» **TASK STATEMENT**
Reproduce exactly, from the data that follows, the line with "morgellon prove on mask nr 6", the line with "scented geranium indoor fan airflow", and every line that lies between them.

» **DATA FOR ANALYSIS**
+ + + + +
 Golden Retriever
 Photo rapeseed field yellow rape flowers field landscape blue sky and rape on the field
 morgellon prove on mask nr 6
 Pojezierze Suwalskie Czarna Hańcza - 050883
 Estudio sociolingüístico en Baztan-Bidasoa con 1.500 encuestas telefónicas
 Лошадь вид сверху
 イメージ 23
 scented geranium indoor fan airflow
+ + + + +
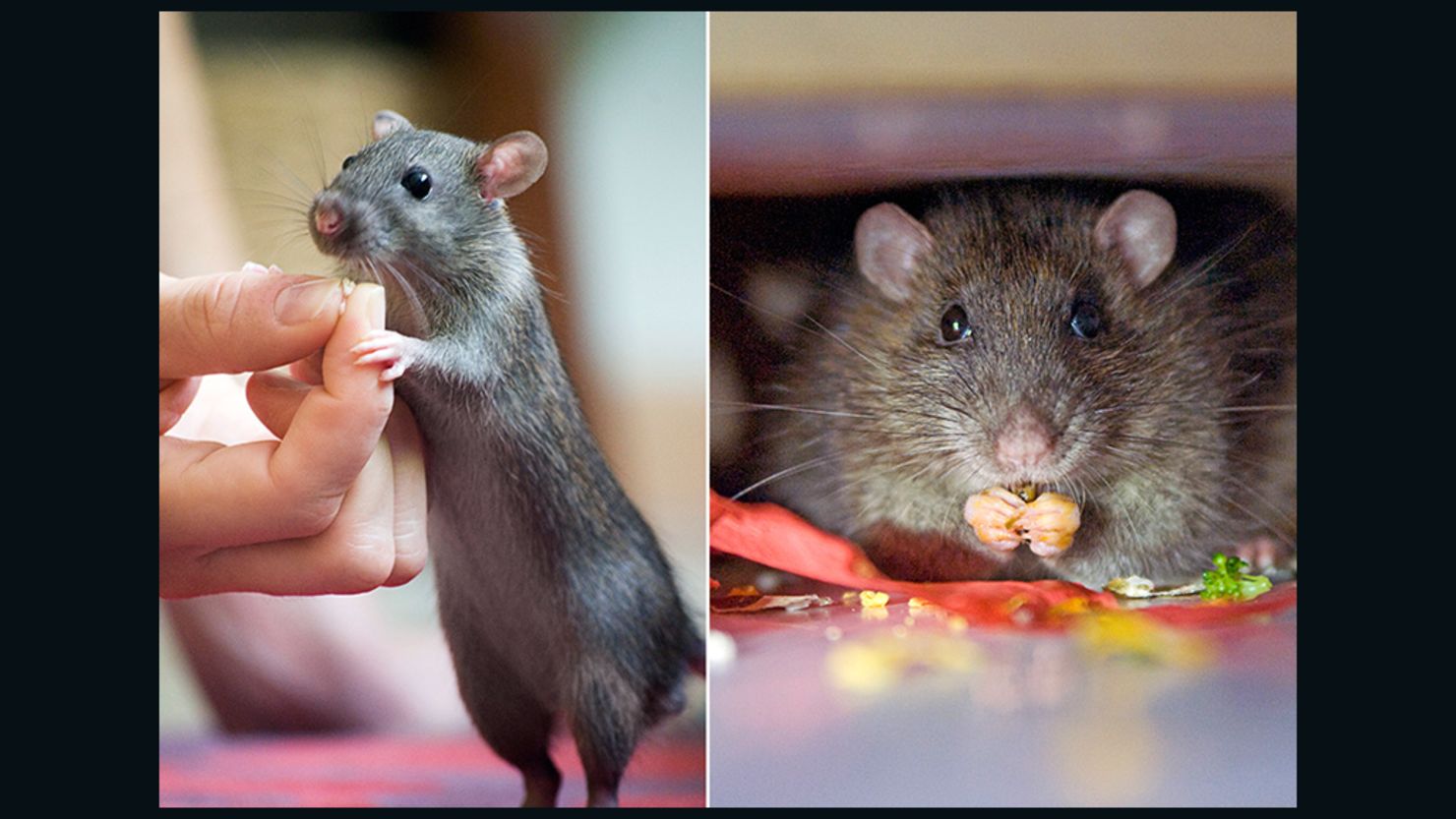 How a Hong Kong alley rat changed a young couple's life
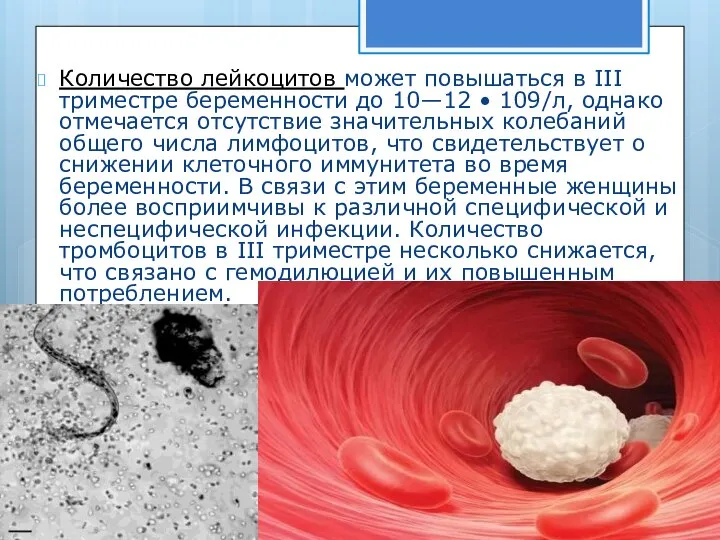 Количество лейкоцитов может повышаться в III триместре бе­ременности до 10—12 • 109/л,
+ + + + +
» **SOLUTION FOR THIS PROBLEM**
 morgellon prove on mask nr 6
 Pojezierze Suwalskie Czarna Hańcza - 050883
 Estudio sociolingüístico en Baztan-Bidasoa con 1.500 encuestas telefónicas
 Лошадь вид сверху
 イメージ 23
 scented geranium indoor fan airflow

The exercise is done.